Singen für Amtsträger im Ruhestand in Lichtenberg

Es ist Samstag, der 3. November 2018, an dem das diesjährige "Ruheständlersingen" in der Kirche Berlin-Lichtenberg stattfindet. Eingeladen sind die Seelsorger im Ruhestand mit ihren Ehefrauen und Witwen der Amtsträger. Der Kreis derer, die oft über Jahrzehnte hinweg einen Großteil ihrer verfügbaren Zeit ehrenamtlich der Kirche und dem Nächsten gewidmet haben, die in ihrer aktiven Zeit die Gemeinden geprägt haben, soll mit einem vielfältigen Programm geistlicher Chor- und Instrumentalmusik sowie mit Wortbeiträgen erfreut werden. Für die Anwesenden ist es auch eine Einstimmung auf den bevorstehenden Gottesdienst für Entschlafene am kommenden Sonntag.

Für die musikalischen Beiträge haben sich diesmal der rund 50 Sängerinnen und Sänger umfassende Bezirkschor aus dem Kirchenbezirk Südwest und 28 Instrumentalisten des Nachwuchsorchesters der Gebietskirche vorbereitet. Einzelne Beiträge werden durch Orgel, Klavier und Soloflöte begleitet.

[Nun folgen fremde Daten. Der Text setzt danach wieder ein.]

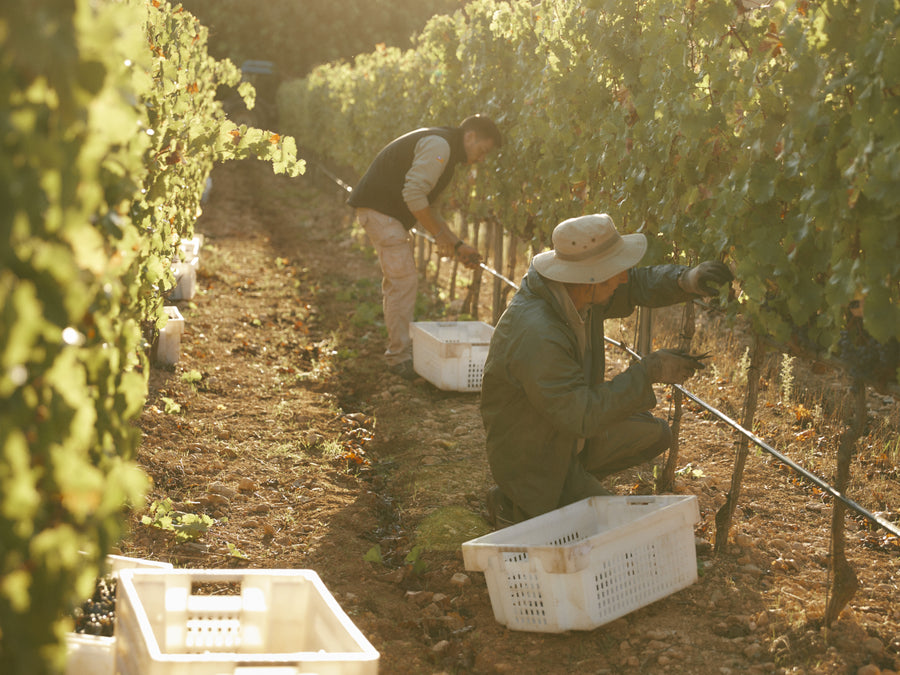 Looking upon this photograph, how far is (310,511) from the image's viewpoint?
4367mm

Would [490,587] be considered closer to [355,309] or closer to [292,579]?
[292,579]

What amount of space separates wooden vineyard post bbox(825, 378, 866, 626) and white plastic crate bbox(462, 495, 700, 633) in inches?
19.7

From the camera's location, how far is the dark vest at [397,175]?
21.3 ft

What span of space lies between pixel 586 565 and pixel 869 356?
122 cm

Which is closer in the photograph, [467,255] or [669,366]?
[669,366]

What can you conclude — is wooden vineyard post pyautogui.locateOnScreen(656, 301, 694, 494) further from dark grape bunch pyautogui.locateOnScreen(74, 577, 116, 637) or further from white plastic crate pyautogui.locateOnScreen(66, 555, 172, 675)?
white plastic crate pyautogui.locateOnScreen(66, 555, 172, 675)

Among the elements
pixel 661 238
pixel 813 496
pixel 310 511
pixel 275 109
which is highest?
pixel 275 109

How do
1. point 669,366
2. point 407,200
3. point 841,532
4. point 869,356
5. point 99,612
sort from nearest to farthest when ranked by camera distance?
1. point 99,612
2. point 869,356
3. point 841,532
4. point 669,366
5. point 407,200

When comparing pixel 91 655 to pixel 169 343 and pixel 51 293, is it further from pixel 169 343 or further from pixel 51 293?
pixel 169 343

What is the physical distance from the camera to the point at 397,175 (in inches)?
258

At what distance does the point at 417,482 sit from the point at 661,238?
5.94 feet

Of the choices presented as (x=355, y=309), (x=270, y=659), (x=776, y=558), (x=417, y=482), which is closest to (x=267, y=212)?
(x=355, y=309)

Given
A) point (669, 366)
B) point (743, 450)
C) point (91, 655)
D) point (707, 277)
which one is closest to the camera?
point (91, 655)

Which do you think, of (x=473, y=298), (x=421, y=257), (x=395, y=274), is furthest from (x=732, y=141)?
(x=421, y=257) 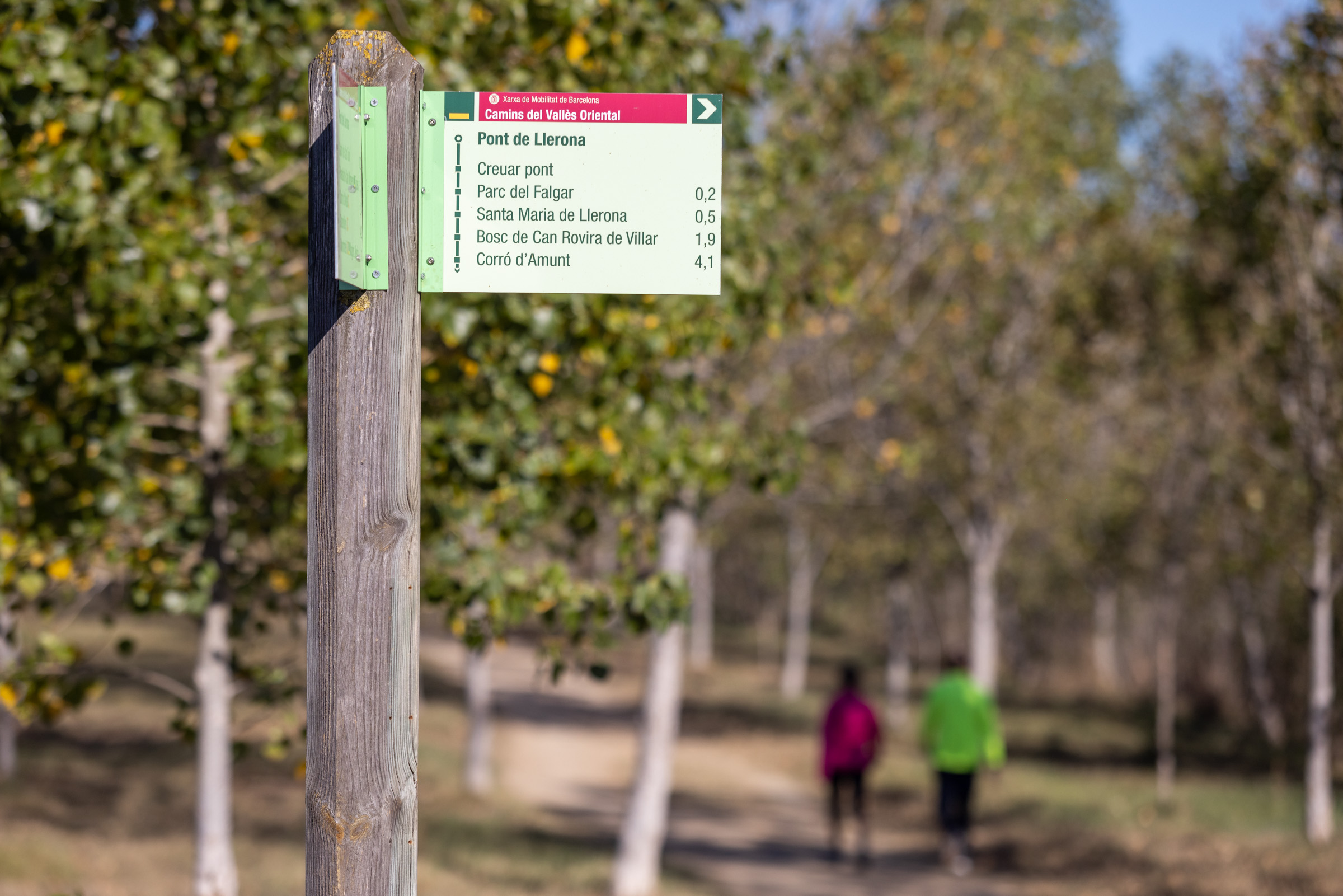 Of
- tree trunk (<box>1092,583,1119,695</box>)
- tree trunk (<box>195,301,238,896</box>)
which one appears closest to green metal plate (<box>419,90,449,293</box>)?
tree trunk (<box>195,301,238,896</box>)

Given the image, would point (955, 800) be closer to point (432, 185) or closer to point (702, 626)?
point (432, 185)

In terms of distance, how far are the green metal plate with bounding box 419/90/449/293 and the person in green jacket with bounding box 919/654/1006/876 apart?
10.1 meters

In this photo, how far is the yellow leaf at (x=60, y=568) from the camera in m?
5.29

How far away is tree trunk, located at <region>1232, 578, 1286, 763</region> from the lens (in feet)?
70.6

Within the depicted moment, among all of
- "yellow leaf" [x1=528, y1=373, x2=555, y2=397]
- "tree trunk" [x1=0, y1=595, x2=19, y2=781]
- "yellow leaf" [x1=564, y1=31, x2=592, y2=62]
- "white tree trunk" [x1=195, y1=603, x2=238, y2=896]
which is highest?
"yellow leaf" [x1=564, y1=31, x2=592, y2=62]

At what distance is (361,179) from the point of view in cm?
265

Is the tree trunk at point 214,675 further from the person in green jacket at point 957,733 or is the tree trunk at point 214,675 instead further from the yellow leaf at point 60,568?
the person in green jacket at point 957,733

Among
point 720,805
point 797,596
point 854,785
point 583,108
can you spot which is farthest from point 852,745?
point 797,596

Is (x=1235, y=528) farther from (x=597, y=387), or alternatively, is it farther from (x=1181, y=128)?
(x=597, y=387)

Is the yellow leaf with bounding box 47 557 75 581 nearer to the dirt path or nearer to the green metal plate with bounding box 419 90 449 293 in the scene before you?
the dirt path

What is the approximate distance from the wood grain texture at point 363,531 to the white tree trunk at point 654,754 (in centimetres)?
807

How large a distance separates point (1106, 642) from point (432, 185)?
34.8 meters

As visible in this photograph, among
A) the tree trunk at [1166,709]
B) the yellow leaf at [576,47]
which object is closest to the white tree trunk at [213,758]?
the yellow leaf at [576,47]

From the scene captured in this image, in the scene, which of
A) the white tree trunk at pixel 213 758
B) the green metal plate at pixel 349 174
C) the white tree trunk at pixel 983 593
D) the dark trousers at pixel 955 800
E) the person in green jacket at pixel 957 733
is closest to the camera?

Der Leiter der Gebietskirche, Bezirksapostel Wolfgang Nadolny, greift in seinen einleitenden Gedanken den biblischen Bericht über Mose auf. Ausgesetzt in einem "Kästlein" im Nil, gefunden von der Tochter des Pharaos, heiße es von dieser: "Da jammerte es sie ..." (2. Mose 2, aus 6). Gott nimmt eine heidnische Prinzessin in die Hand, so der Bezirksapostel, um seinen Heilsplan zu verwirklichen. Gott habe es "genial gemacht", sein Volk in die Freiheit zu führen. Dann schlägt er den Bogen zu Jesus Christus, den es auch "jammerte", als er Menschen in besonderen Situationen begegnete (siehe z. B. Matthäus 9, 36; Markus 1, 41 und Lukas 7, 13). Wenn wir heute manche Lebenssituation genauer betrachteten, jammere es uns auch. "Wir wollen für alle da sein", fährt er auch mit Blick auf den bevorstehenden Gottesdienst für die Entschlafenen fort, und den Herrn bitten, zu helfen. Anschließend kündigt er noch Wortbeiträge des Bezirksältesten Thomas Krack, des Bezirksevangelisten Roland Radtke und des Bischofs Udo Knispel an.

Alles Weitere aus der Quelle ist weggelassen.